Turn PDFs into JSON over REST
A PDF to JSON API removes the worst part of document automation: getting reliable structured data out of a PDF. Instead of writing per-layout templates or fragile text regex, you POST the file and receive typed JSON. FlowParse's `POST /api/v1/extract` does this for financial documents — it classifies the file, extracts every field, and returns a schema you can insert into a database without reshaping.
The output is deliberately boring in the best way: stable, snake_case, and identical to what the rest of the API consumes. That means the JSON you get from extraction is exactly what you pass to validation, export or reconciliation — no glue code translating between shapes. For statement-specific behaviour see the bank statement API; this page covers the generic PDF-to-JSON contract.
Under the hood it reads the PDF's own text geometry for pixel-accurate tables and only falls back to AI OCR for scanned pages, so a 40-page document keeps all 40 pages of rows. Every numeric field is parsed to a number, every date to ISO-8601, and the untouched source columns are preserved in `raw_table` for audit.
One call, structured JSON back
Get a key from the API dashboard, base64-encode the PDF, and POST it to `https://flowparse.io/api/v1/extract`. The whole request is plain JSON, so there's no multipart upload to wrangle from your backend.
curl -X POST https://flowparse.io/api/v1/extract \
-H "Authorization: Bearer pf_live_xxx" \
-H "Content-Type: application/json" \
-d '{ "file": "JVBERi0xLjcK...", "filename": "invoice-4471.pdf" }'Invoice example
For an invoice, the API returns the supplier and buyer, totals, tax breakdown and a typed `line_items` array — with the original table preserved in `raw_table` so nothing is lost.
{
"type": "invoice",
"pages": 1,
"billedPages": 1,
"data": {
"type": "invoice",
"data": {
"supplier_name": "Globex Ltd",
"invoice_number": "INV-4471",
"invoice_date": "2024-10-11",
"currency": "EUR",
"subtotal": 1000.00,
"tax_amount": 190.00,
"total": 1190.00,
"line_items": [
{ "description": "Design retainer", "quantity": 2, "unit_price": 500.00, "tax_rate": 19, "amount": 1000.00 }
]
}
}
}A stable, typed schema
Every response is `{ type, pages, billedPages, data }`, where `data` is `{ type, data }` — the inner `type` is the classified document type (`invoice`, `bank_statement`, `receipt`, or `mixed`) and the inner `data` holds the typed fields.
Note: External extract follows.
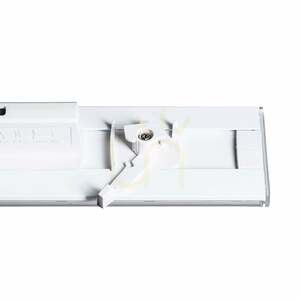 Rendl FLATLINE 150 R13732 linjär armatur för trefasskena, vit, LED 50 W, 3000 K small 5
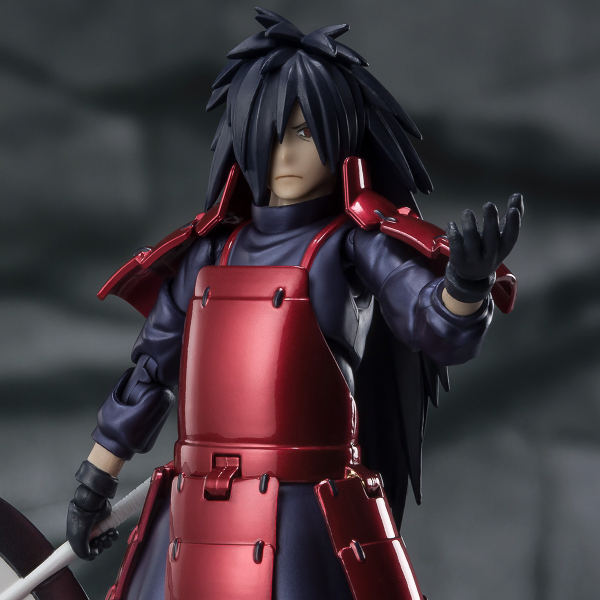 BANDAI Tamashii S.H.Figuarts Uchiha Madara -Event Exclusive Color Edition- | 4573102634498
The contract is versioned under `/api/v1`, so you can build against it with confidence.
| Document type | Key fields | Array |
|---|---|---|
| invoice / receipt | supplier_name, invoice_number, invoice_date, subtotal, tax_amount, total | line_items[] |
| bank_statement | bank_name, account_holder, currency, opening_balance, closing_balance | transactions[] |
| mixed | both an invoice object and a bank_statement object | both |
| all | raw_table { columns, rows } — original layout preserved 1:1 | — |
Why not regex or templates?
Template-based PDF parsing breaks the moment a vendor changes its layout, a bank tweaks a column, or a customer uploads a format you've never seen. You end up maintaining a growing library of brittle rules. An AI extraction API generalises across layouts instead: it understands *what a field means*, not *where it sits in pixels*, so a new supplier or bank works on day one without a code change.
Raw text extraction (e.g. pdf-to-text plus regex) has the opposite problem — it gives you a wall of text with the table structure destroyed, so multi-column statements and line-item tables become guesswork. FlowParse keeps structure by reading table geometry directly and reconstructing rows, which is why amounts line up with the right dates and descriptions.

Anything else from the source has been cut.